"He'll sit there and go, Dipsy... Po... Dipsy... Po. I honestly don't think he knows colors. Just Teletubbies."



Pencil Case is a funny boy. Today during lunch, I was sitting in the library, hanging out with Van Chelsing, and Pencil Case comes up to me: "Kellinka! We have to go run errands. Now." Well, when Pencil Case asks you to go run errands, you go, because you know it is going to be a fun excursion. The first part of this excursion was not so fun, because it involved Schmidty. Yes, we had to go find out Pencil Case's schedule, pronounced the fancy way, for the musical. Since I can't sing and will never be more than a lowly crew-er, this did not pertain to me and was not very intersting. Plus, the gigantic framed cruxifiction picture on the wall sort of weirded me out, since I am, as Saint Julia tells me every time I mention I've never been to confession and missed my own first reconciliation, A Bad Catholic.

Then we went to find Madame. When I asked Pencil Case why we had to find Madame, he goes, "To talk to her." I asked what we would talk to her about, and he explained that she had four gigantic scoops of mashed potatoes for lunch. Yes, apparently this is a good reason to go have a little chat with her. Actually, every reason is a good reason, but anyway, Madame was not in her room, so Pencil Case decided we would spy on the teachers' lounge. See, they are very antsy about kids in the general vicinity of the teachers' lounge, and I said I wouldn't because I didn't want to get caught, which would involve punishment such as impalement or something equally horrid, like detention. Pencil Case said he would and that he would eat his own head if he was caught. Then, he pokes his head in the doorway and whisper-shouts "MADAME!" Then Madame comes out of the teachers' lounge and asks what we want. We said we just wanted to talk to her.

Pencil Case: Why did you have four scoops of mashed potatoes for lunch today?
Madame: Well, I made a roast last night, and I was going to bring it in for myself and my colleagues, like Frau, today. But then my husband's best friend came over, opens the fridge, and says, "What's for dinner?" and eats about half of my roast.
Me, evilly: Why didn't you just kick him out?
Madame: Because he's like family, I guess.
Me: Oh, come on! We kick family members out of our house all the time.

We also talked about why the musical is such a big deal whether Pencil Case thinks it is or not, how Pencil Case and I are both going to be famous, and Madame's dead pet giraffe that never actually existed. Also, Toe Touches came by and goes, to Madame, "Don't we have such nice freshmen?", but he quickly left the discussion because he just doesn't get the Madame-Kellinka-Pencil Case bond.
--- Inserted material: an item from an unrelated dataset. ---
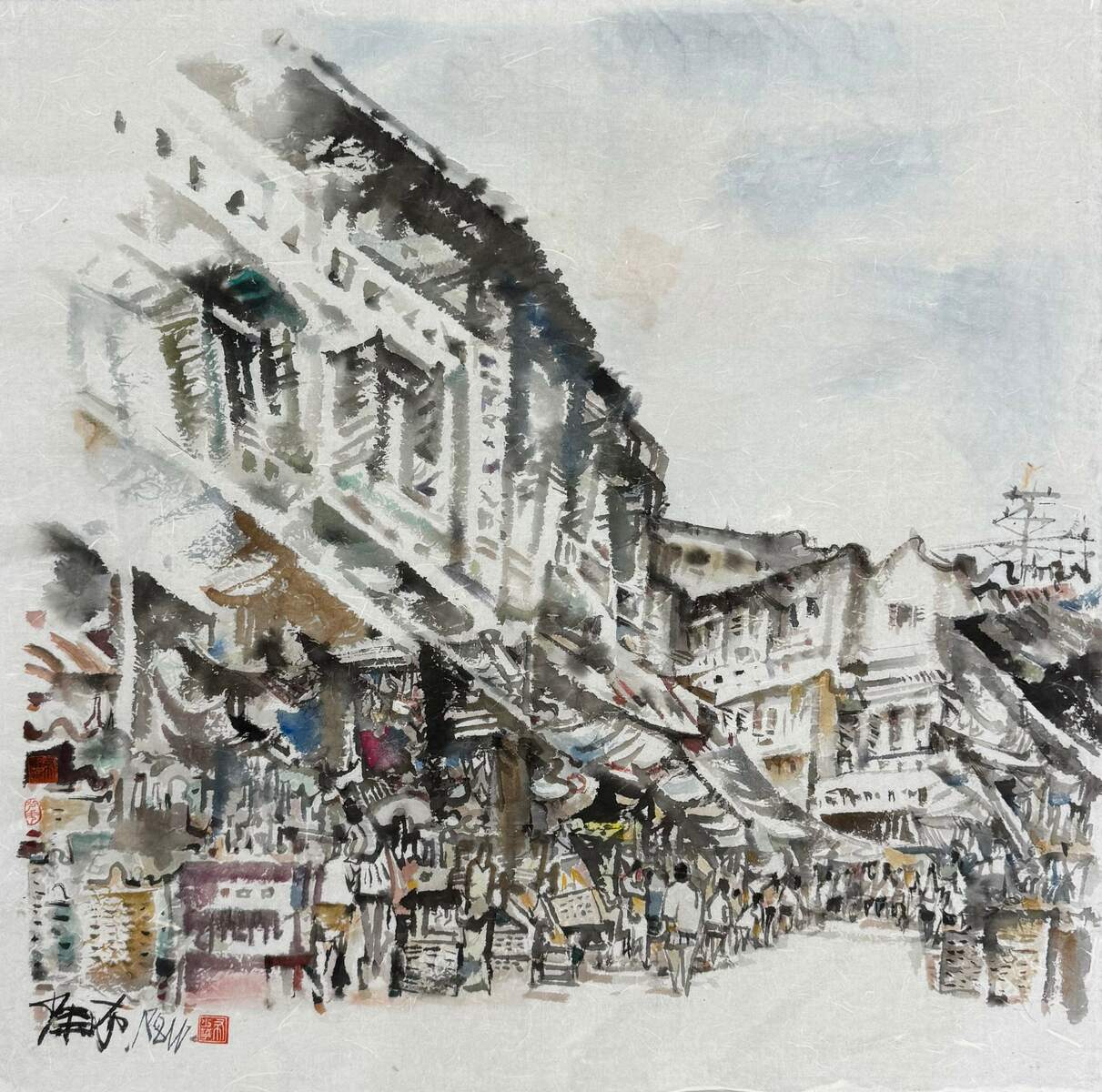 Old Bugis street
Madame doesn't understand why Pencil Case and I find her so fascinating, but our lives are rather boring, so the most entertaining part of our day is definitely French class, which comes along with all the random and crazy things she tends to say, like her explanation for her four scoops of mashed potatoes, which Pencil Case says "were swimming in gravy." Yes, swimming.

We took this sex/drugs/alcohol/whatever survey today. It was rather boring. I think that I will pop a capillary vein if I have to answer one more question, "I have never drank alcohol/smoked a cigarette/smoked marijuana/had sex/done cocaine/done 'club drugs'/you get the idea." The roast was a lot more interesting. Hell, even the cruxifiction poster in Schmidty's office was a lot more interesting.

I think I found my forensics monologue, though, and that is happy. I might do a portion of David Sedaris' essay Jesus Shaves, which is one of the funniest things I have read in my entire life, except for... well, anything else by David Sedaris. That man is quite simply a genius. Except not as much of a genius as the combined epic genius of myself and Van Chelsing.